You might have heard about girls entering puberty earlier now than in the past, thanks to a yet-unclear combination of better nutrition and exposure to chemicals in the environment. But what happens to the goose, happens to the gander, too. Boys are also entering puberty slightly earlier than in generations past, and The New York Times Magazine this week looked at how that's affected… a boys' choir. To be specific, an 800-year-old boys' choir in Germany for which Mozart had once served as choirmaster.
The St. Thomas Boys Choir has a full range of voices, from soprano to bass, all of them covered by boys age nine to 18. The higher ranges must come from boys whose voices haven't broken yet. So it's been with European boys choirs for centuries. The Times compares the appreciation for boys' soprano voices to that for flowers that peak just before they die. People really appreciate stuff that could vanish at any time, I guess.
Boys' earlier puberty times may have escaped notice a bit longer than girls'.
These days, however, it's getting harder than ever for choirmasters to fill those top spots. Boys' earlier puberty times may have escaped notice a bit longer than girls' because boys' first signs aren't as obvious as girls' budding breasts and first periods, NPR reported in December 2012. But now a growing number of studies have noticed the male trend. Last year, a study published in the journal Pediatrics found a representative sample of U.S. boys entered puberty about a year and a half earlier than boys studied in the U.K. 40 years ago. The New York Times Magazine cited research from a University of California, Berkeley, demographer, which shows the age of puberty for boys has inched forward 2.5 months every 10 years since the 1700s. This latter research is more relevant to boys choirs, but it's a bit more uncertain, as records of puberty timing don't exist for boys 100 years ago or more, so it must use an indirect method of estimating 18th-century pubescence.

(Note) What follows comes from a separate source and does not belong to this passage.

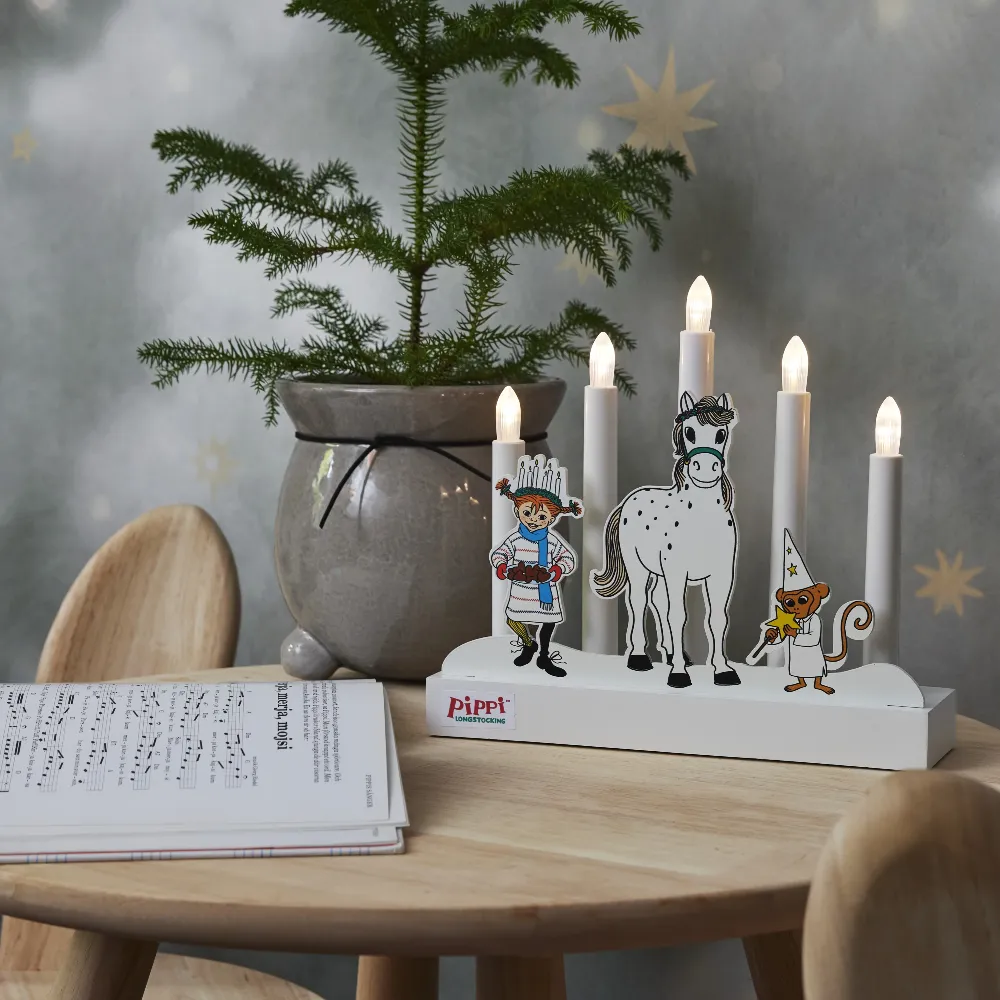 Świecznik LED z bohaterami Pippi Pończoszanki ustawiony na stole obok otwartej książki, doniczek z roślinami i zapalonych świec, tworząc przytulną świąteczną aranżację.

One way or another, choirs have worried about this for a few years now. One of the earlier articles I found about this problem dated to 2010. "I think the reason people find the research worrying is because choirs are a monument to tradition and they don't want to see them threatened," Samuel Hudson, a choirmaster the Blackburn Cathedral in the U.K., told the U.K.'s Daily Mail in a story about voice-dropping choirboys from January. But, Hudson said, the tradition is still going strong. "Our choir certainly isn't lacking in quality because of boys having to pass into the young people's choir sooner than in the past."
Check out The New York Times Magazine for a lovely profile of St. Thomas, a choir that requires a rigorous practice schedule and full-time boarding (which is part of the reason why simply recruiting younger boys doesn't work; they're too immature). And yeah, it's a little weird to see the magazine's photos of St. Thomas members whose faces still look so young, and then see them labeled as baritones and basses.